Search these forums for the Proto, it seems like a common complaint is that the board has no pop unlike what Andi above me said. I've never ridden it, but it sounds like you want some pop.


----------



## Andi7808 (Sep 15, 2016)

Ripsaw profile of never summer has more aggressive camber than xc2 and c2 of Marvin , and logical ripsaw profile has more pop than xc2 profile !

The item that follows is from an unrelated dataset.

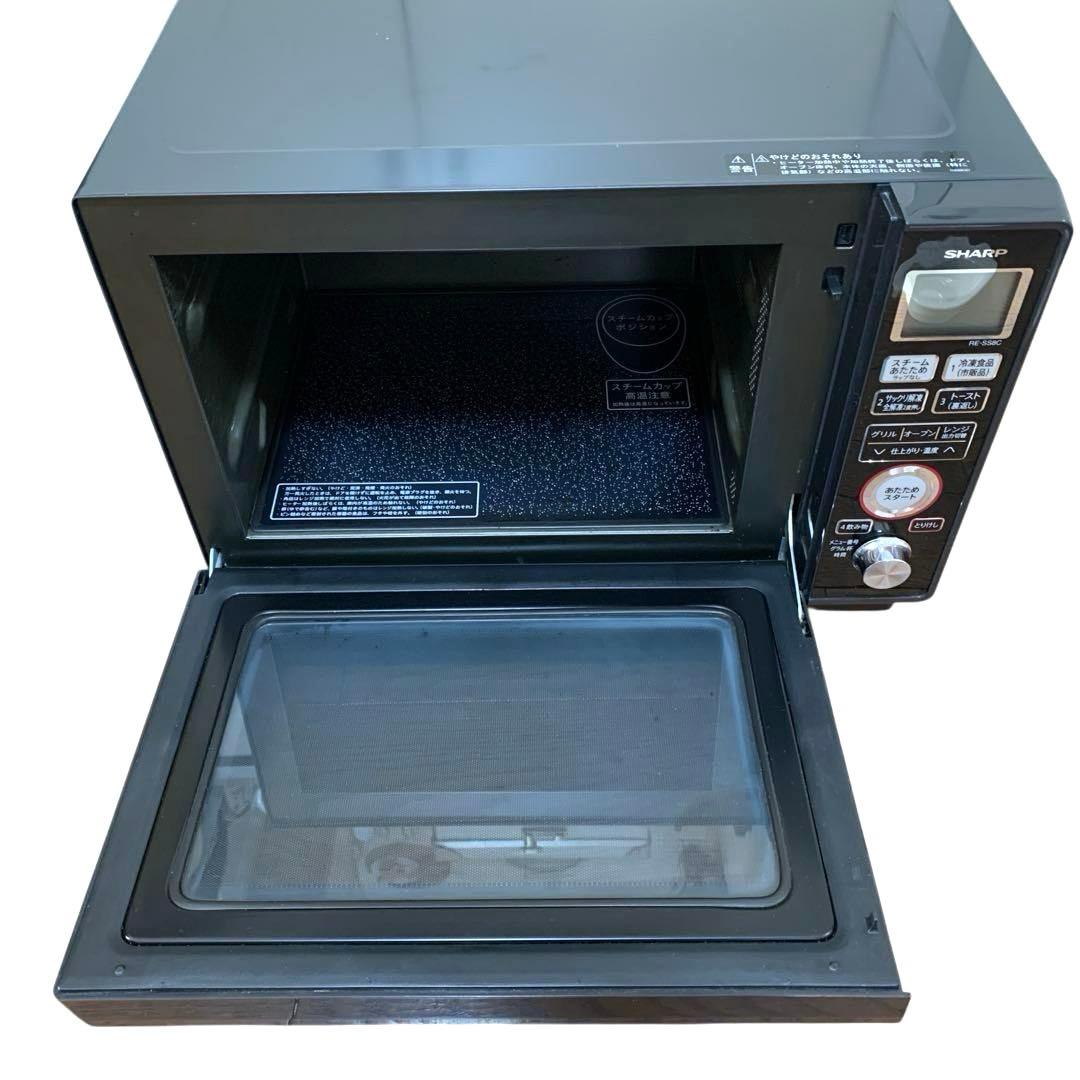 SHARP 過熱水蒸気オーブンレンジ 23L ブラック RE-SS8C-B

Sent from my iPad using Tapatalk Pro


----------



## pointblank (Feb 26, 2015)

I would get the Huck Knife or the Custom Twin in purepop Camber not flying V. Loads of pop on these boards.


----------



## Phedder (Sep 13, 2014)

Andi7808 said:


> I have ridden all of this boards , proto type two is the best ! Very , very fun board and 3 times more pop than trs . Trs is dead under your feat !
> 
> 
> Sent from my iPad using Tapatalk Pro


How many days on your Proto TT? At first I thought the pop was okay, but after 15 days or so it just became more and more work to get any kind of return from it. Good all-around snowboard in many aspects, pop is not one of them. 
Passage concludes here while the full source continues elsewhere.